According to a report published last week, the figure was 41% lower than September’s revised total of 72 tons, but still 23% above the January-September monthly average of 34 tons.
The People’s Bank of China (PBoC) remained the largest bullion buyer, reporting purchases of 23 tons of gold in the 12th consecutive monthly addition to its reserves. This reportedly brings the PBoC’s net purchases to 204 tons during 2023, with its overall reserves amounting to 2,215 tons. “Despite the significant increase, reported gold reserves still account for just 4% of the bank’s total international reserves,” the WGC wrote.
The Central Bank of Türkiye also made a significant purchase during the month, buying 19 tons to increase its official gold reserves (central bank plus Treasury holdings) to 498 tons.
Beyond these two banks, buying was more modest, the report noted.

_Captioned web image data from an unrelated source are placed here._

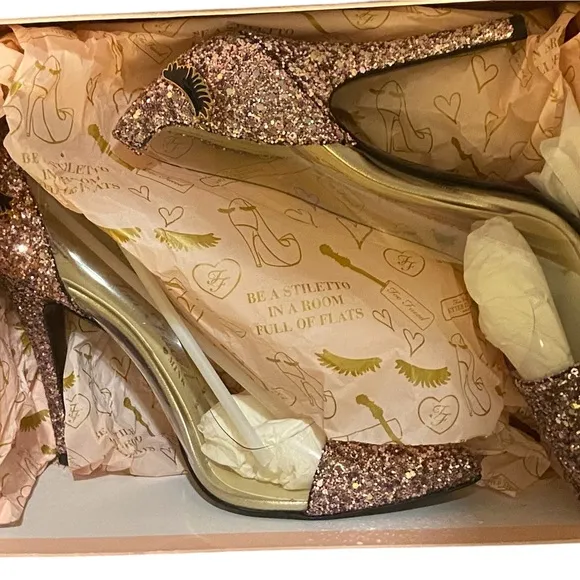 BRAND NEW/ORIGINAL BOX TOO FACED BETTER THAN SEX PINK GLITTER STILETTOS SIZE 7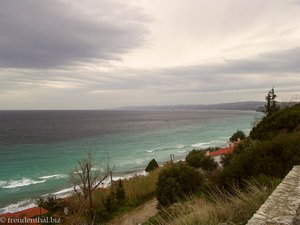 Blick auf die Küste bei Áfitos auf Kassandra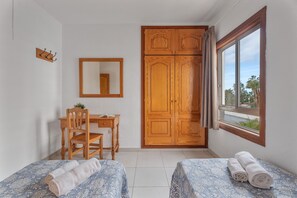 WiFi, bed sheets - Infinity Pool Views 2 with Shared Pool, Private Terrace, and Wi-Fi (Playa de las Américas)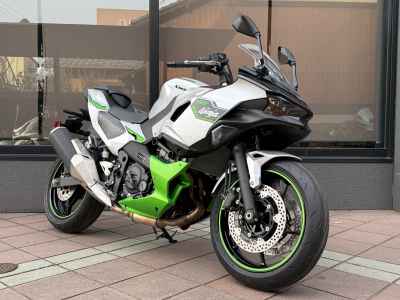 Kawasaki Ninja 7 Hybrid 2025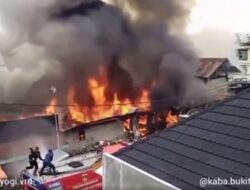 Kebakaran Hebat di Kawasan Jalan By Pass Bukittinggi
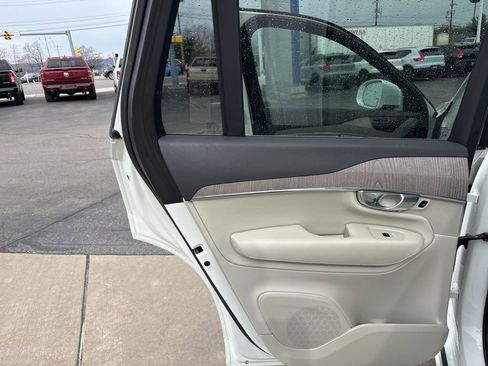 Certified 2023 Volvo XC90 B6 Plus w/ Protection Package Premier image 27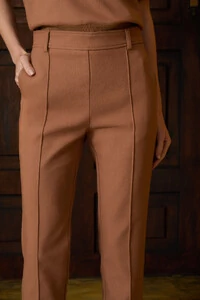 Calça Nervura Bolso Faca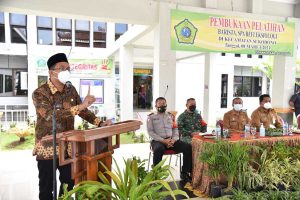 BUKA - Bupati Sidoarjo, Ahmad Muhdlor Ali (Gus Muhdlor) membuka acara pelatihan SPA dan Refleksologi untuk warga Kecamatan Sukodono, Sidoarjo, Senin (08/03/2021) - Gus Muhdlor : Peserta Pelatihan Harus Serius Tidak Boleh Protol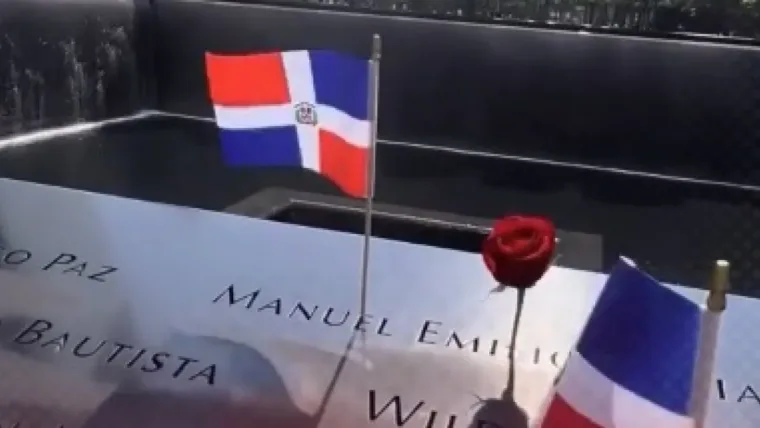 Entre banderas y rosas, los dominicanos recuerdan a sus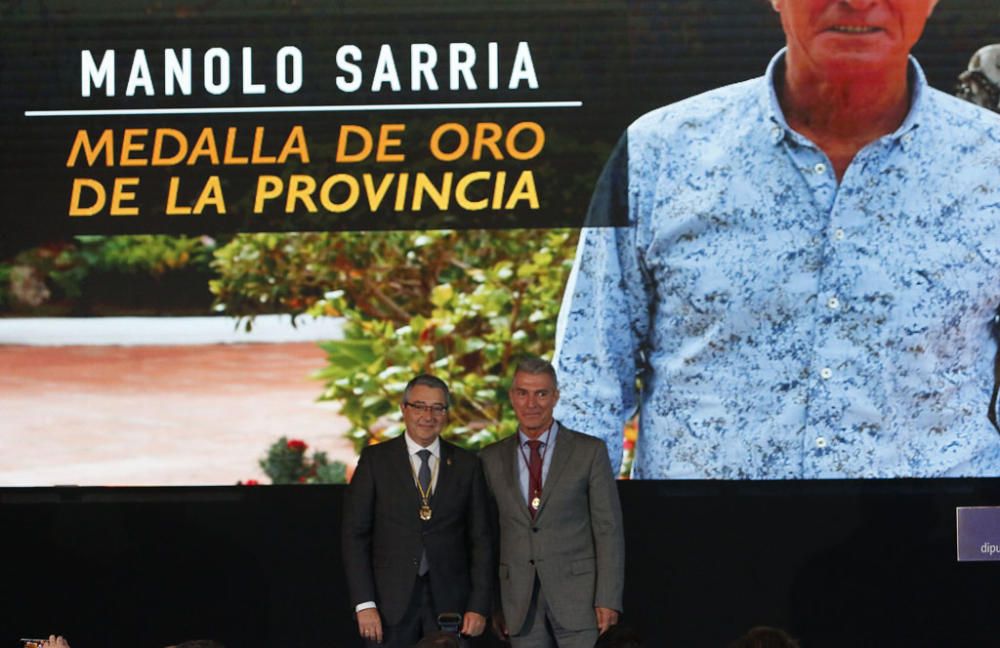 La Diputación ha entregado este viernes las Medallas de Oro del Día de Málaga en la iglesia Nuestra Señora del Rosario de La Cala del Moral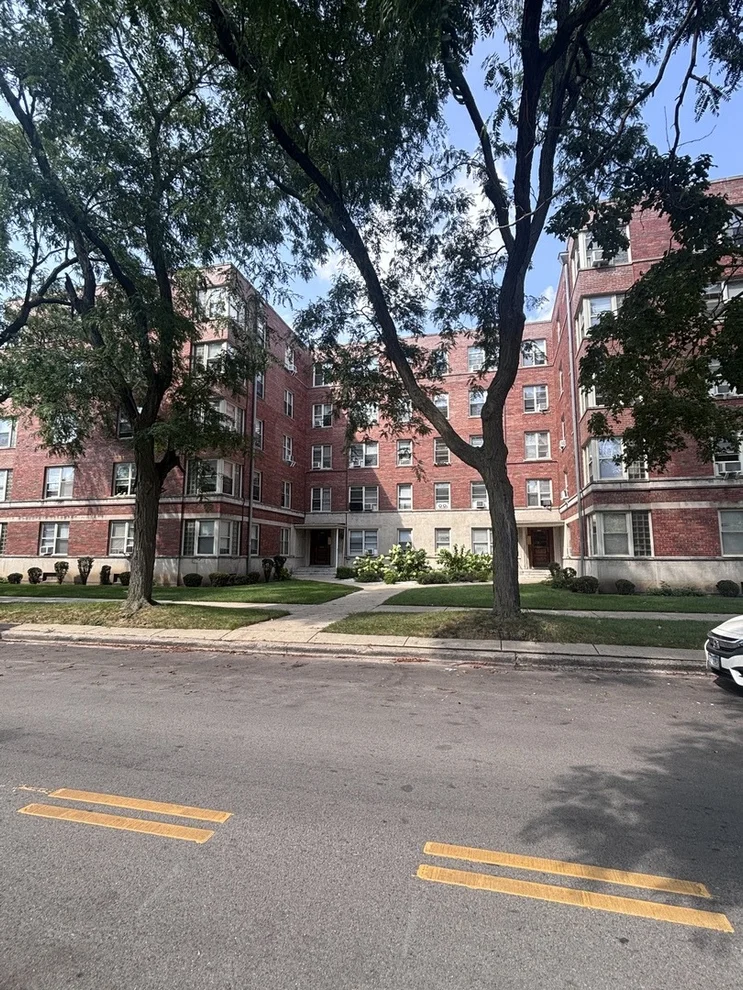 Unit for sale at 2610 W Balmoral Avenue, Chicago, IL 60625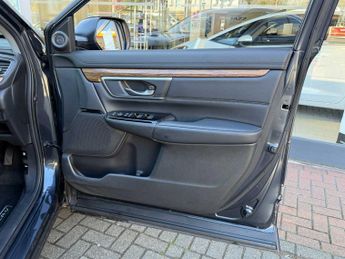 Honda CR-V 2.0 i-MMD Hybrid SR 5dr eCVT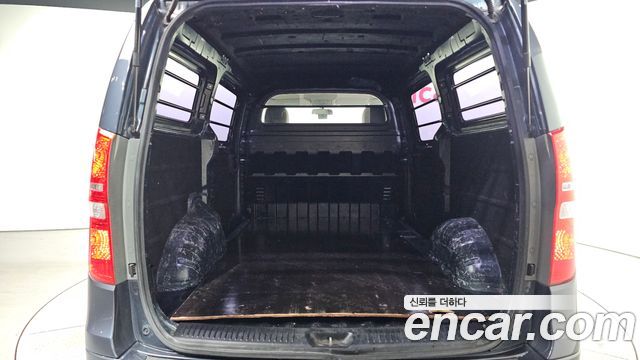 Hyundai Starex 2018 — photo 20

The National Bank of Poland reportedly continued adding to its gold stockpile, buying another six tons. Its holdings of the yellow metal have now risen by over 100 tons this year, to 340 tons in total. The Reserve Bank of India, the Czech National Bank, the National Bank of the Kyrgyz Republic, and the Qatar Central Bank were the other significant buyers in October.
The report also noted that central bank gold purchases have heavily outweighed sales of the metal so far this year.
“Even before October’s net buying, we noted that 2023 was likely to be another colossal year of central bank buying. Having started Q4 positively, this year’s central bank demand looks set to climb even higher,” the WGC concluded.